25 years ago: Assassination of Gamini Dissanayake

On October 24, 1994, Gamini Dissanayake, United National Party (UNP) candidate for president of Sri Lanka, was assassinated at an election rally. An explosion detonated by a suicide bomber from the Liberation Tigers of Tamil Eelam (LTTE) killed 50 others and injured 200 more.

Dissanayake accumulated many enemies in the course of his bloodstained political career. The UNP candidate held a long record of anti-Tamil racist attacks, dating back to his role as the minister in charge of the Mahaweli Project, in which Sinhalese peasants were transported from the south and settled on newly irrigated lands in the north central region, claimed by the Tamil minority.

He was also believed to be responsible for the burning of the Jaffna Public Library in 1983, an action which set the stage for the anti-Tamil pogroms incited by the UNP regime in which thousands of Tamils were murdered. He backed the 1987 Indo-Lankan accord under which the Indian army occupied the Tamil-populated provinces and sought to suppress the LTTE.

Dissanayake opposed the peace talks with the LTTE initiated by Prime Minister Chandrika Kumaratunga and called for a military offensive in the north and east. The LTTE responded with death threats. He played a major role in the factional infighting which ripped apart the UNP regime. In 1991 he introduced an impeachment motion in parliament against President R. Premadasa, backing the minority faction of Lalith Athulathmudali, which sought a harder line against the Tamils and broke with the UNP to found a new Sinhala-chauvinist party.

After the assassination, President D.B. Wijetunga imposed a state of emergency.
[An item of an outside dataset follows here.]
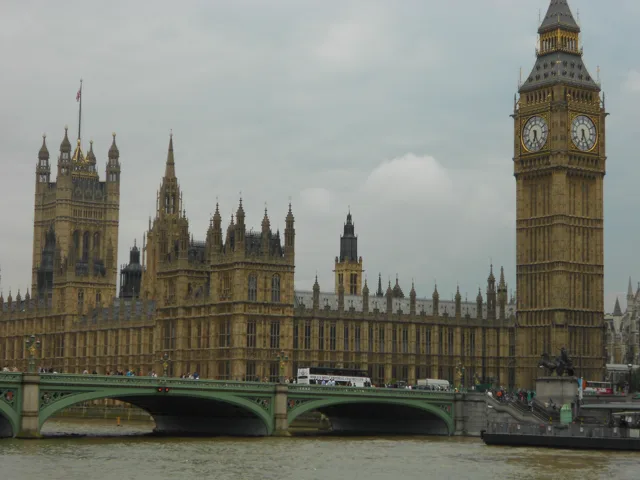 The Houses of Parliament beside the river beneath an overcast sky.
There were widespread suggestions in the press that the upcoming presidential election would be postponed, but the curfew was lifted 24 hours later and the vote proceeded.

The Sri Lankan section of the International Committee, then known as the Revolutionary Communist League, issued a statement warning that the assassination demonstrated the intensification of the civil war in Sri Lanka and the growing danger of violent methods of repression from the ruling class, not only in Sri Lanka but throughout the Indian subcontinent.

50 years ago: Willy Brandt takes office as West German chancellor

On October 21, 1969, the West German Bundestag (Parliament) voted to elect Willy Brandt as the new Chancellor of Germany, defeating the incumbent Chancellor Kurt Georg Kiesinger, a former Nazi party member. Brandt’s election was a result of his party, the Social Democrats (SPD), forming a coalition government with the smaller liberal Free Democratic Party (FDP).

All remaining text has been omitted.